- EXERCISE REQUIREMENTS -
Retype, word for word, every line starting at the line with "Women's Insulated Cow Grain Gloves - SHP213" and ending with the final line of the entries; skip the pictures.

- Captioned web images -
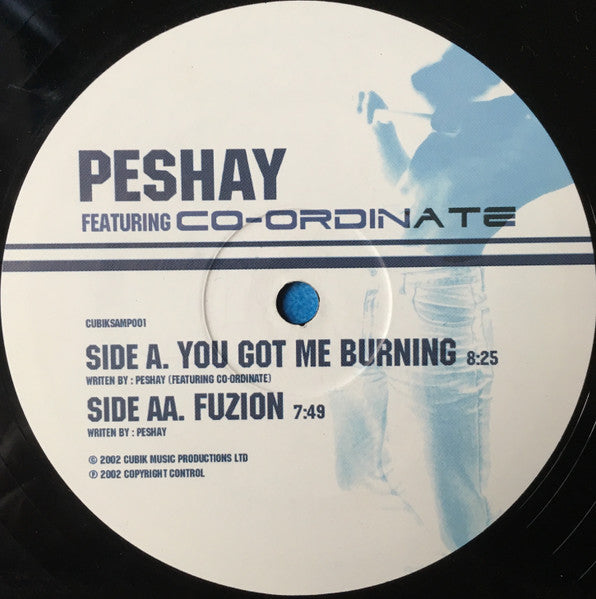 Peshay - You Got Me Burning / Fuzion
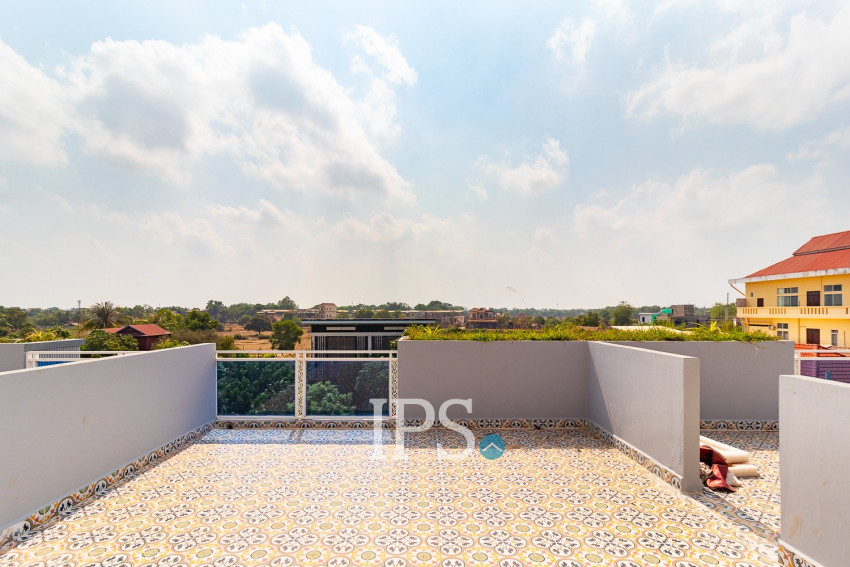 4 Bedroom Flat For Rent - Sambour, Siem Reap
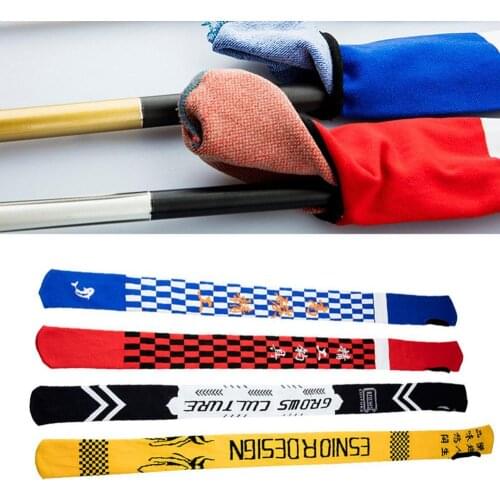 Fishing rod protection rod bag elastic protection bag fashion nylon fishing rod sleeve protection rod protection bag bag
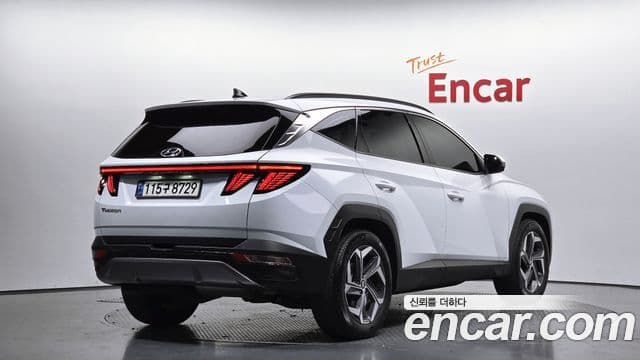 Hyundai Tucson (NX4) Inspiration, 2021 2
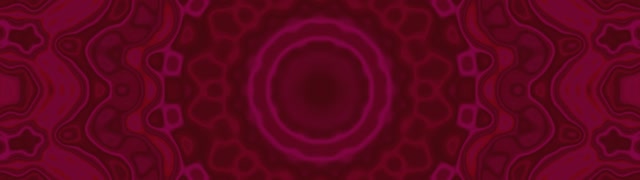 Magenta Mreškanje Mandala Neon Tunel VJ Loop 32:9 Super Ultrawide 60fps Čuvar Zaslona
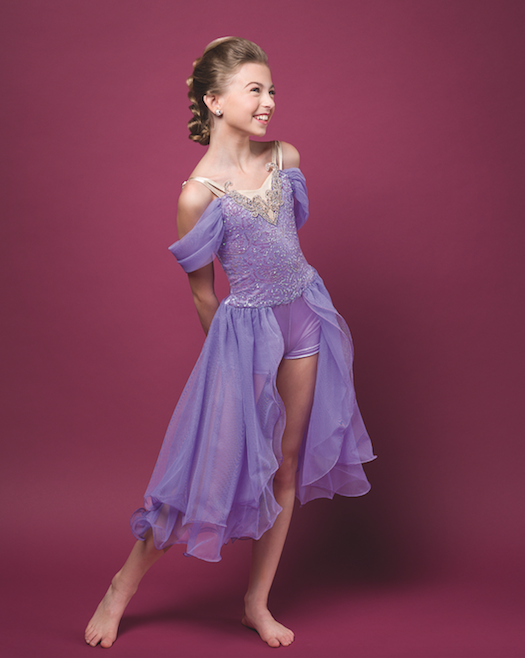 Lilac Lyrical Dance Costume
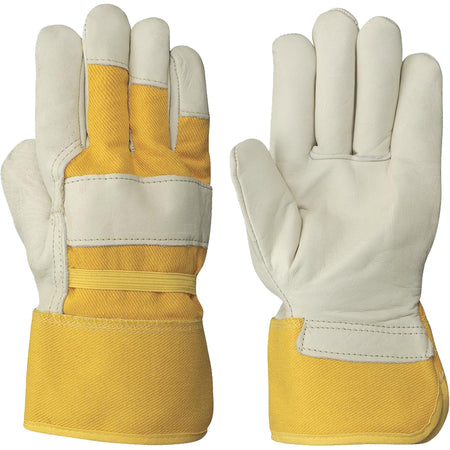 Women's Insulated Cow Grain Gloves - SHP213
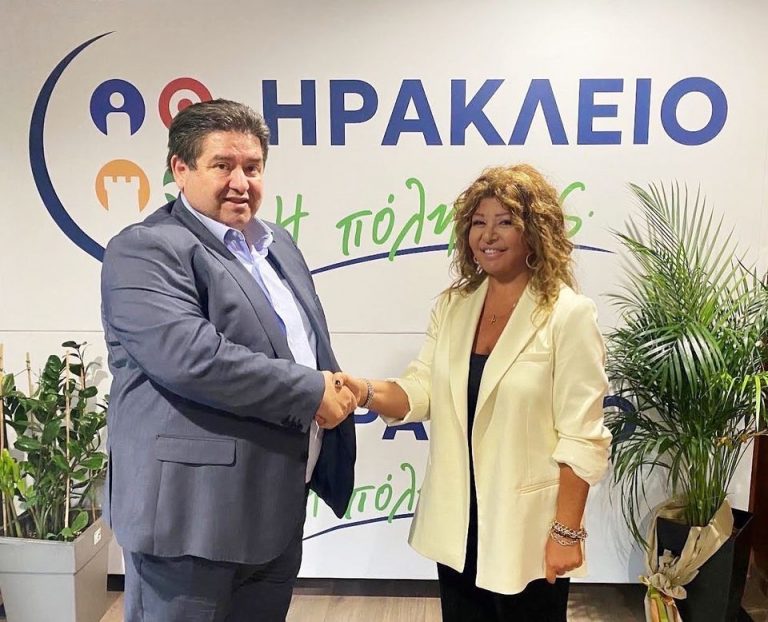 Η Μάνια Σημαντηράκη στην ομαδική προσπάθεια για να γίνει το Ηράκλειο πρότυπο ευρωπαϊκής πόλης!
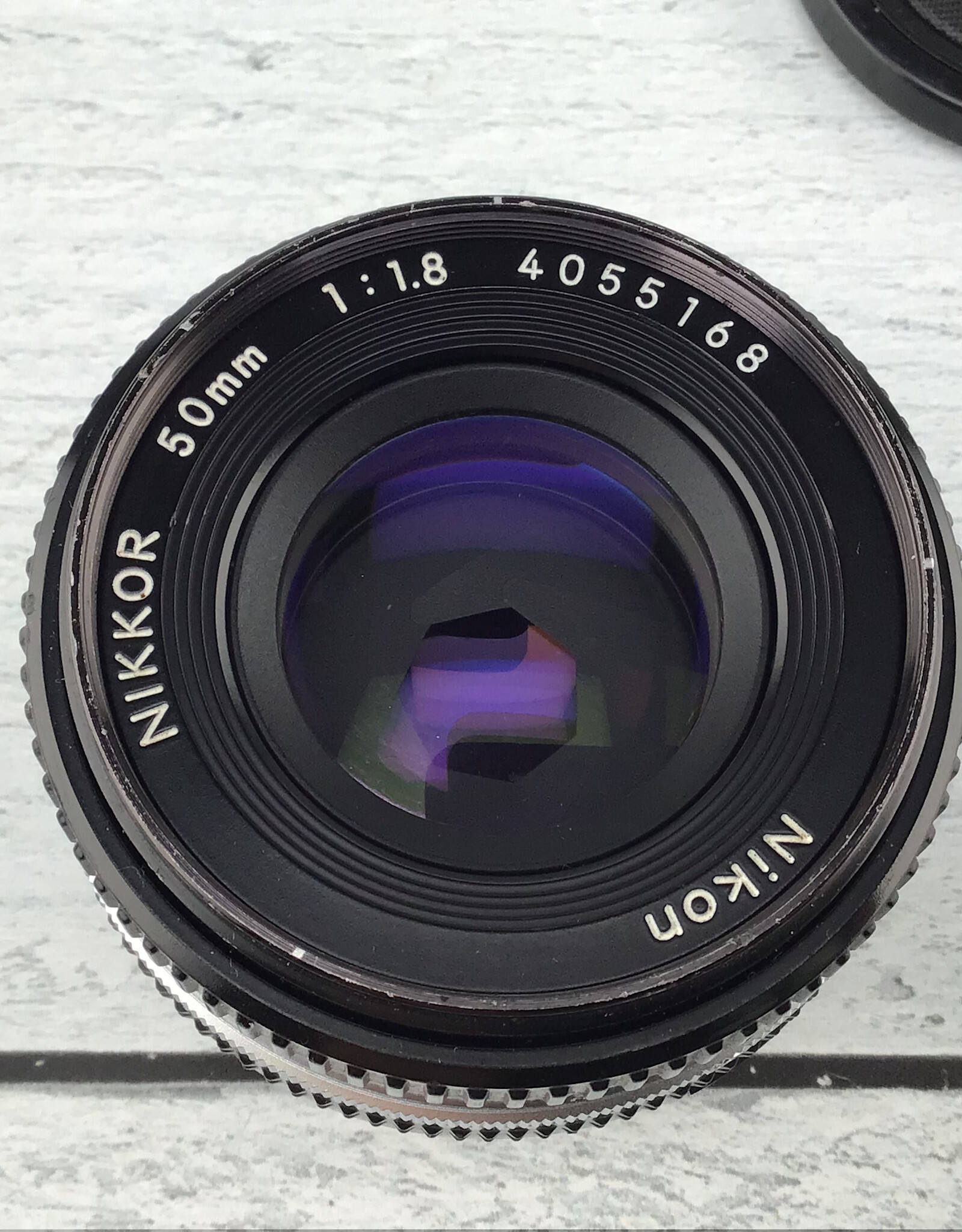 NIKON Nikon Nikkor 50mm f1.8 AIS Used Fair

- WRITTEN RESPONSE -
 Women's Insulated Cow Grain Gloves - SHP213
 Η Μάνια Σημαντηράκη στην ομαδική προσπάθεια για να γίνει το Ηράκλειο πρότυπο ευρωπαϊκής πόλης!
 NIKON Nikon Nikkor 50mm f1.8 AIS Used Fair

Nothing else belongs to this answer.